When black people in Newark start getting a little too "uppity," it's time to fluff up the pillows on our local punditocracy's fainting coach. Quickly, someone catch the editorialists at the
Star-Ledger - and bring the smelling salts!
Cami Anderson, the superintendent of schools in Newark, has proposed another round of sensible and bold reforms. And she is facing the predictable shrieks of protest from the defenders of the status quo.
Mercy! The "shrieks"!
The link above takes you to an article about Ras Baraka, principal at Central High, on leave as he runs for mayor. Apparently, the
S-L doesn't think Baraka, a veteran of the district, is "reasonable":
Anderson, a former protégé of Joel Klein in New York City, is often criticized for failing to draw more Newark stakeholders into her circle as she hatches these reforms. While there is some truth to that, it’s also true that much of her opposition is shrill and unreasonable.
None of these reforms is guaranteed to succeed. But it is sensible to lean on the best charter schools for help, give principals control over their staffs and make sure each ward has plenty of school choices. If that stirs up a bees nest, then so be it. [emphasis mine]
Hear that, people of Newark? Your local newspaper thinks you're a hive of bees! Worker drones, I imagine...
Luckily for us, Santa brought an early present: a response to this idiotic editorial in the form of a post from former
S-L journalist
Bob Braun:
Those who criticize the plan are “shrill” and they “shriek”–how is that for subtly racist comments? Not unlike calling ambitious women “pushy.” These were elected officials who spoke out Friday–members of the council, a member and the speaker of the New Jersey Assembly. That they were men and women of color, representing a predominantly minority community, doesn’t make their passion “shrill” or “shrieking.” It means they care about the city where few editorial employees live.
How dare a newspaper that has put its Newark property up for sale tell city residents how to live? When is the last time it told the residents of Millburn and Westfield they have enough income and should volunteer to pay higher income taxes? When is the last time it told communities in Somerset and Hunterdon counties that they should change their zoning practices to allow low- and middle-income residents? When is the last time it told Essex County and Union County that they have too many school districts and should consolidate into income-and racially–integrated unified systems?
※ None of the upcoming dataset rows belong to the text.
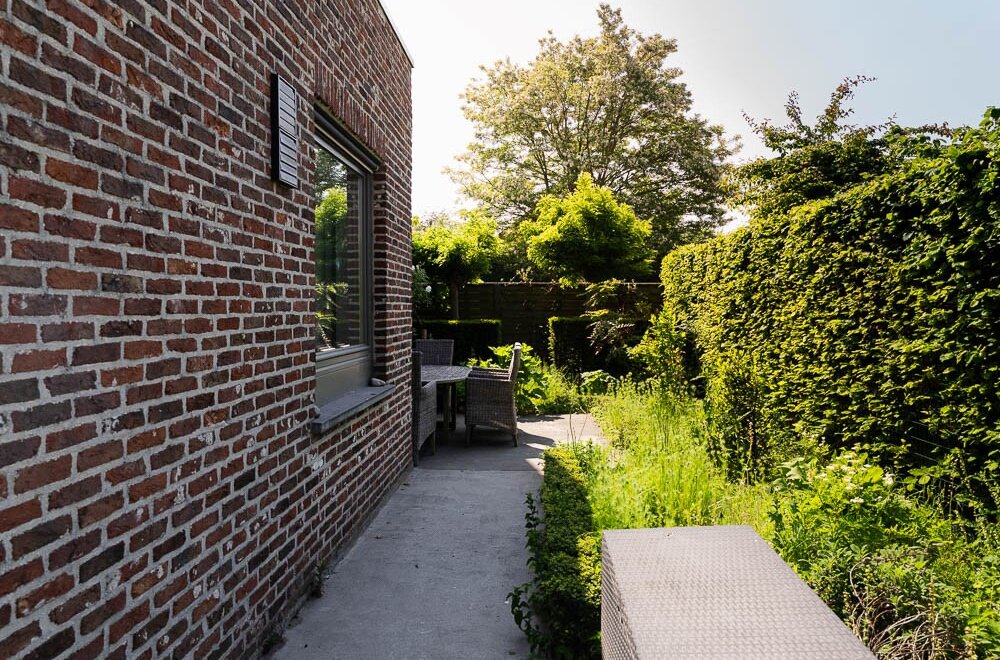 instapklare-villa-op-817-m-met-ruime-tuin-in-zeveneken-lochristi-011.jpg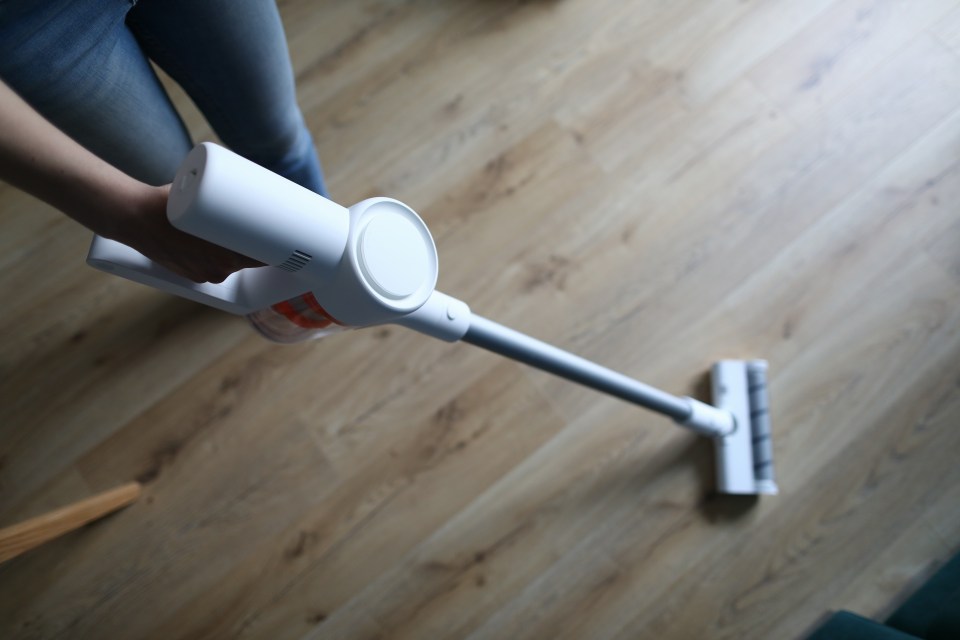 Using baking soda on hardwood floors can remove stains easily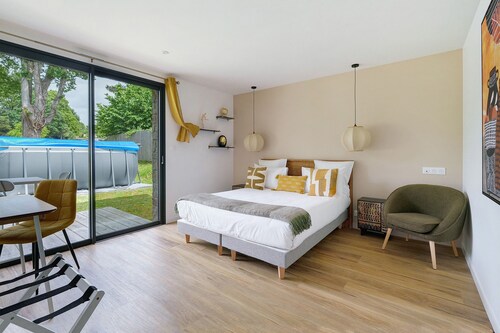 Chambre d’hôtes La Clairière Aux Chênes 1 avec piscine partagée, Wi-Fi et climatisation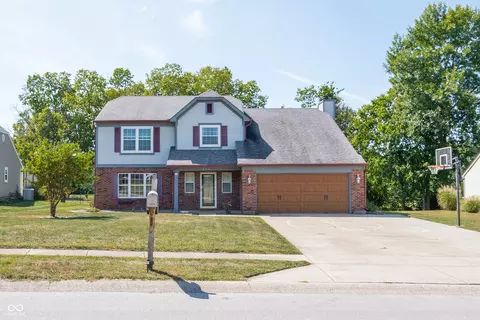326 Stoneybrook Grove Dr, Greenwood, IN 46142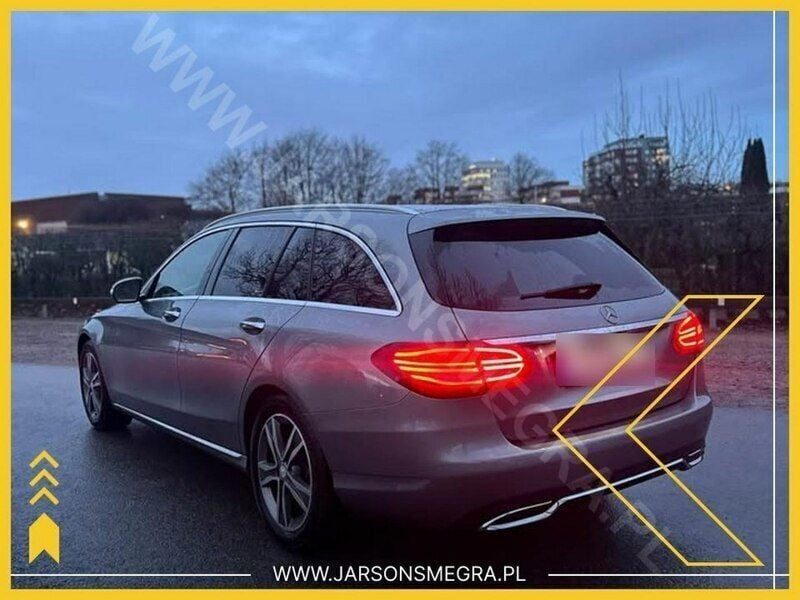 Używany Mercedes C220 170 KM (125 kW) 2015 Srebrny Kombi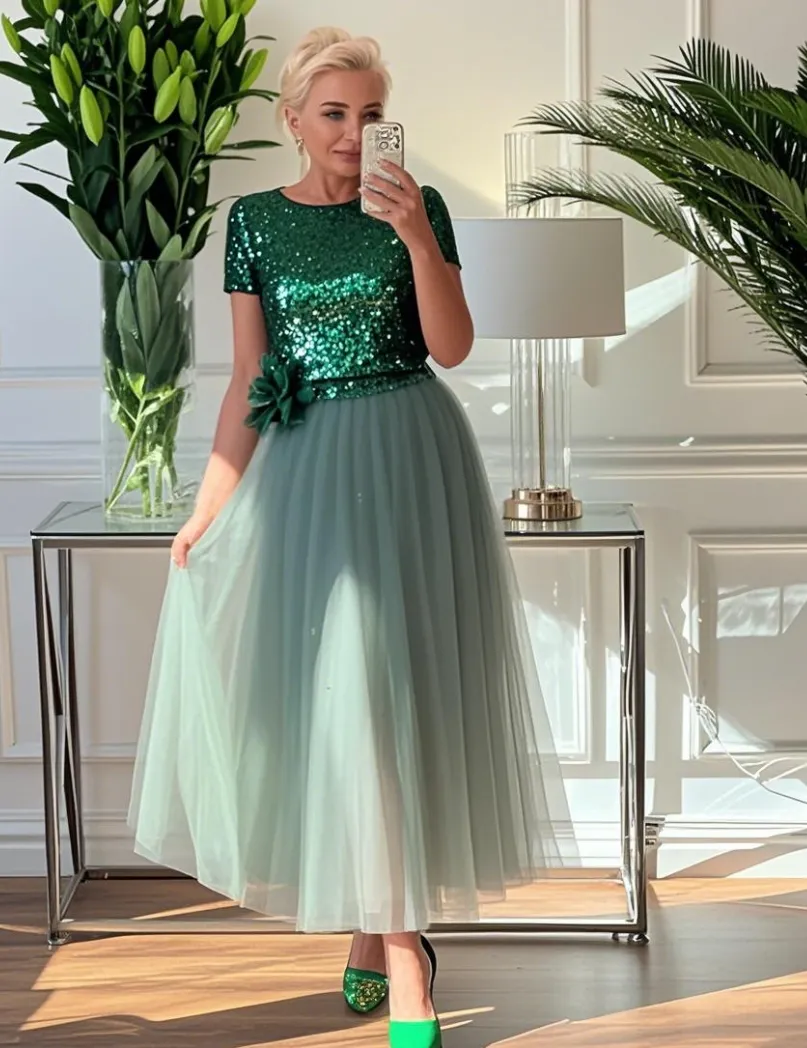 Abito elegante aderente con paillettes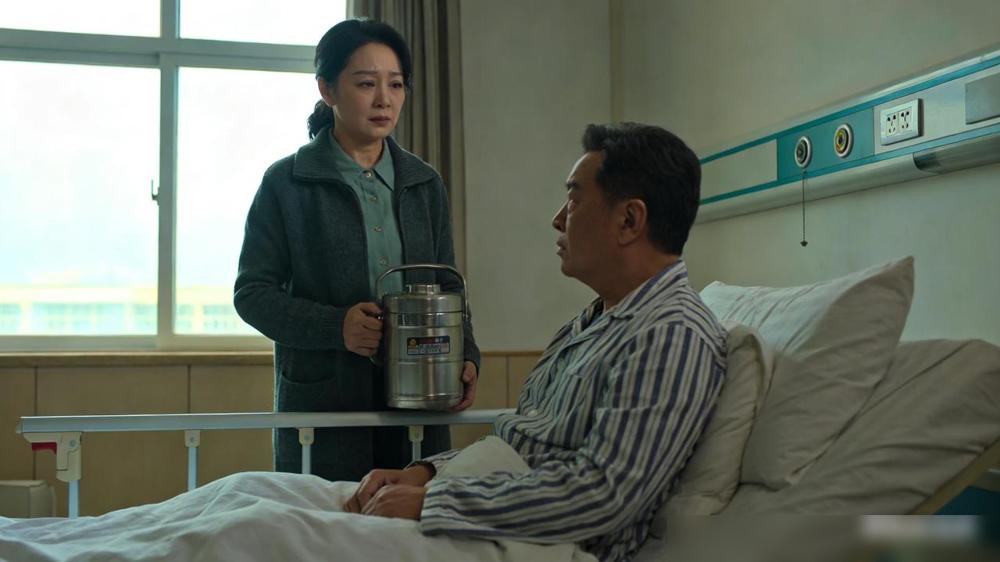 说出来不怕大伙笑话，我和我老婆分房睡整整20年，年轻的时候觉得这是自由，到老了才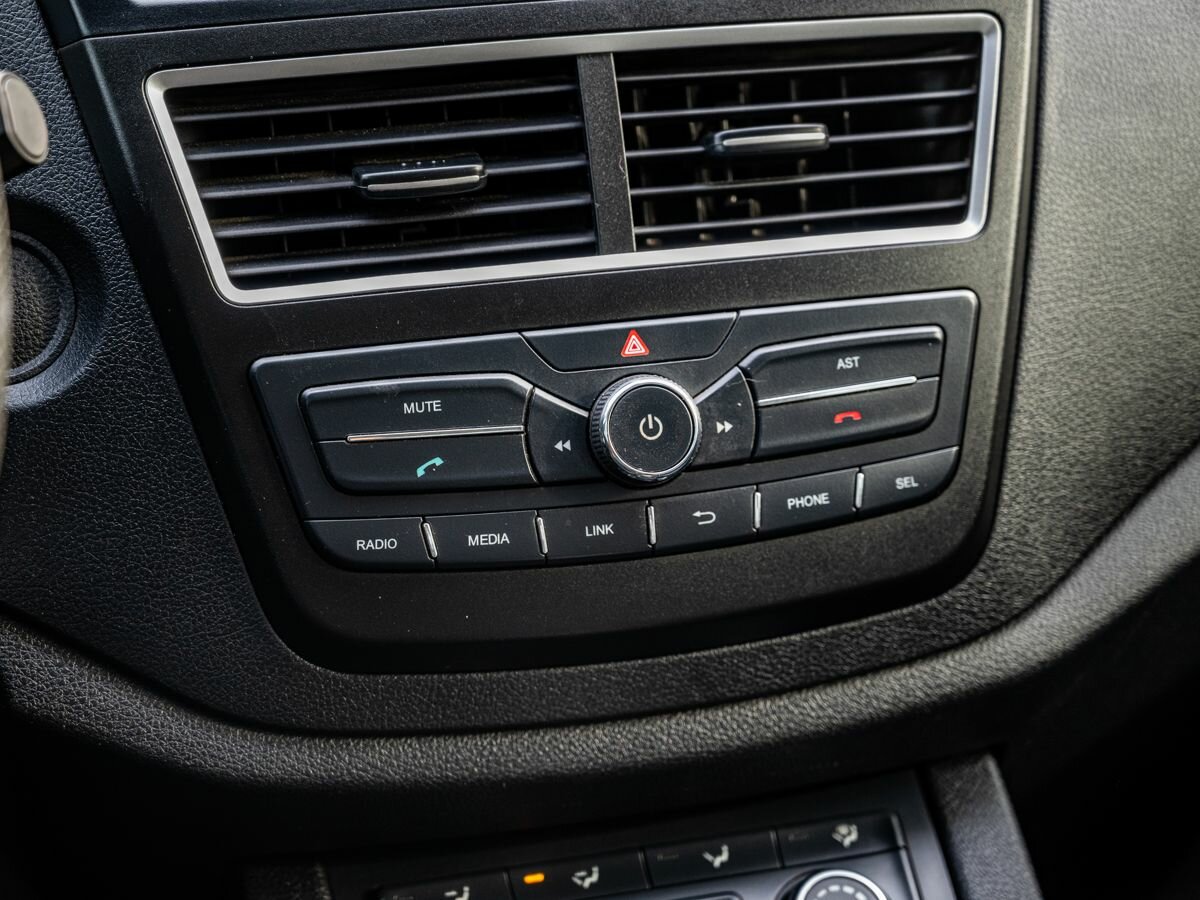 FAW Besturn X40 с пробегом — 2020 год. Фото: #16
Ooo, pick me, pick me! The answer:
never.
Read Braun's entire post, which is dead-on. The truth is that the "reforms" Anderson proposes have never worked and will not work. They are, in reality, an abdication of responsibility on the part of the state, which has utterly failed to do its job over the last two decades of state control and provide Newark's beautiful, deserving children with
schools that are worthy of them.
But, of course, if
Baraka or advisory board President
Antoinette Richardson-Baskerville dare to get up and say something so impolite, the
Star-Ledger will instantly label them as "
shrill and unreasonable." And the folks at
PolitickerNJ know what
that sort of thing leads to:
On Friday in Brick City, South Ward Councilman and Newark mayoral candidate Ras Baraka threw a verbal brick through the city's educational policy window. [emphasis mine]
I'm sure it's just one of those odd coincidences that
the writer here chose to start his piece with the image of a black man throwing a brick through a window. Just like it was odd when the
Star-Ledger said the Newark City Council "
...has a long history of crazy behavior." Or when the press had a hissy fit when
Karen Lewis, the Chicago Teachers Union president, quoted Shakespeare and
Alice in Wonderland ("Off with their heads" - yes, I'm sure she's walking around with a guillotine right now...). Or when the media rushed to call a few incidents of the "knockout game" an "
epidemic" on the
basis of no proof. Or when people of color are
overrepresented in the media as violent criminals.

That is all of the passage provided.